The Stockholm-3 blood test combines five protein biomarkers (total PSA, free PSA, human kallikrein 2, beta-microseminoprotein and macrophage-inhibitor cytokine) and 232 genetic single nucleotide polymorphisms (SNPs). SNPs are variations in DNA sequences that occur at specific positions within a genome and are the most common type of genetic variation in humans, which are associated with certain diseases. The Stockholm-3 test can provide an estimate of the risk of having clinically relevant prostate cancer with clinical parameters that can be assessed without the involvement of a specialist (age, family history of prostate cancer, previous negative prostate biopsy, use of a 5-alpha-reductase inhibitor) and may thus be used within a population-based prostate cancer screening program. The test was compared to PSA in two extensive population-based studies in Sweden [47, 48]. Remarkably, clinically significant cancers were found in the PSA range of 1.5 to 3.0 μg/l. Depending on the selected Stockholm-3 threshold (“11%” or “15%” risk of prostate cancer), the use of the Stockholm3 test in men with a PSA level of >1.5 μg/l may increase the detection of significant carcinomas by 20% or reduce the number of needed MRIs by almost half, all without any urological assessment or investigation before imaging. The validity of the test for Swiss men has been recently shown in a prospective multicentre trial [49].
The 4Kscore test measures free, intact, and total PSA levels and human kallikrein 2 in the blood and is combined with age, digital rectal examination findings, and prior biopsy history [50]. This application of the 4Kscore test results in a notable reduction in unnecessary biopsies, ranging from 30 to 50%, while maintaining >90% detection of Gleason scores ≥7 and >97% of Gleason scores ≥4+3 = 7 cancers [51, 52]. Although performed prospectively with a robust methodology, all three trials were performed in men with elevated PSA, and its performance in a screening setting is eagerly awaited. The ongoing Finnish ProScreen trial will evaluate a screening algorithm, including PSA, the 4Kscore test, and MRI, with targeted biopsies for a population-based screening program [53]. Although prostate cancer-specific mortality after 15 years will be the primary endpoint, data on the performance and cost-effectiveness of the 4Kscore will soon be available.

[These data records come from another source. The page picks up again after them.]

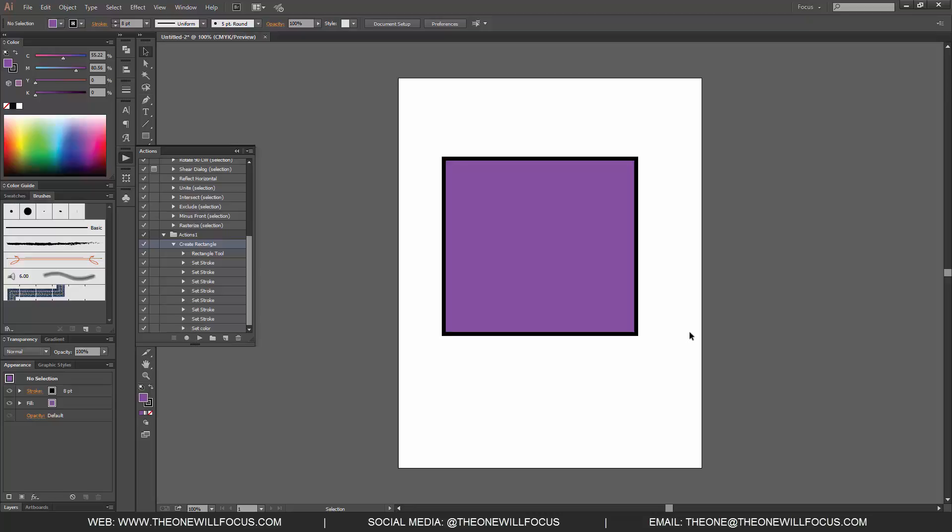So what I did was I remembered every step I took to recreate that, and then I set an action. So that way once the action was in play, all I had to do was create the type, hit the action to play, and it recreated all the effects on the actual typeface that I was working with. So that's the benefit of the actions, and that's how you create actions in Adobe Illustrator.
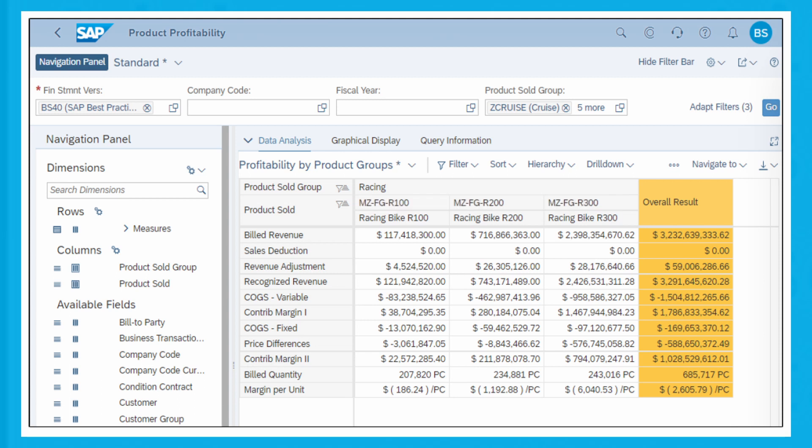Only a subset of the measures is shown as an example, but you have the flexibility to select and add additional measures that are pre-delivered in the results layout for your analysis. You can also add a custom measure to meet additional reporting requirements.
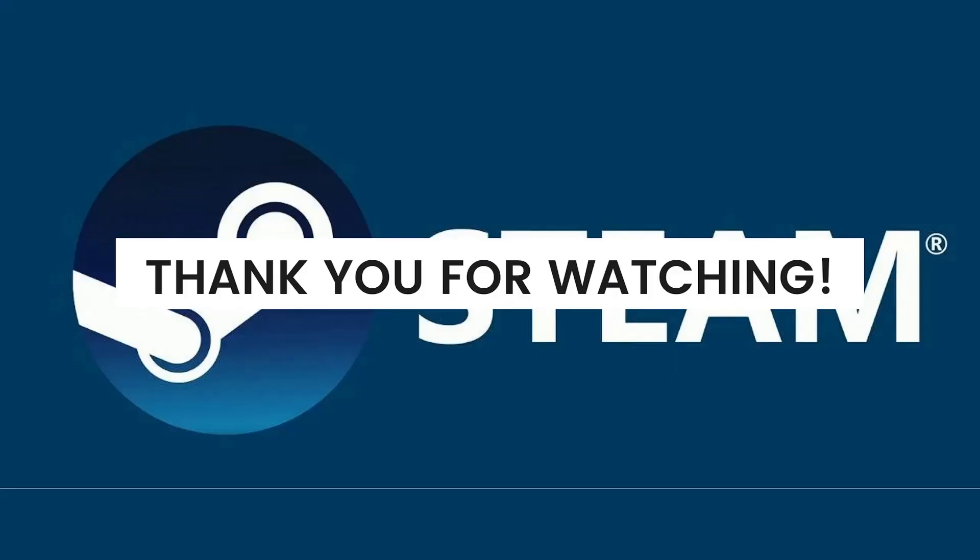And that's it for this video. I hope this video helped you, and if it did, make sure to like, subscribe, and hit the bell notification so you won't miss a video. See you in the next one and have a great day!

Given the described developments, the USPSTF recommendation against general PSA testing has been withdrawn [11]. In response to the ongoing developments in the European Union, the Swiss Prostate Cancer Screening Group took proactive measures. On the 20th of September 2023, they facilitated an official vote to determine the overall stance of the members of the SGU/SSU regarding screening for prostate cancer in Switzerland. Closely following the official statement from the European Union, the following wording was voted on and agreed upon (Figure 1; 80 yes, 6 abstentions, 0 no):
“Considering the evidence and the significant amount of ongoing opportunistic screening, Switzerland should take a stepwise approach, including piloting and further supporting research to evaluate the feasibility of implementation of organised programs aimed at assuring appropriate management and quality of prostate cancer screening.”
Starting from this full endorsement, the Swiss Prostate Cancer Screening Group aims to prepare and execute pilot studies to develop a roadmap for the potential introduction of prostate cancer screening in Switzerland. After extensive literature research and including expert opinions, the group has identified several areas to be considered in future research.
Recent study results from a randomised Swedish screening cohort of the ERSPC Trials ("Göteborg-1") indicated that systematic early PSA testing provides a significant survival advantage [54]. If the first PSA screening is conducted at age 55, the risk of death from prostate cancer is halved compared to men who receive their first PSA test at age 60. Others have proposed to begin screening at an earlier age, as the PSA value in younger men is less influenced by confounding factors, such as benign prostatic hyperplasia [55]. These considerations should be weighed against the potential to detect insignificant prostate cancer at young ages.
One of the fundaments of reducing the risk for overtreatment includes the concept of active surveillance for prostate cancer. Long-term studies have recently demonstrated that active surveillance is a safe approach for low-risk prostate cancer [56, 57] and should, therefore, be investigated and implemented further to establish standardised inclusion criteria and follow-up routines in Switzerland. In this context, it should be evaluated if the inclusion criteria for active surveillance might include patients with favourable ISUP Grade 2 and otherwise low-risk features [58].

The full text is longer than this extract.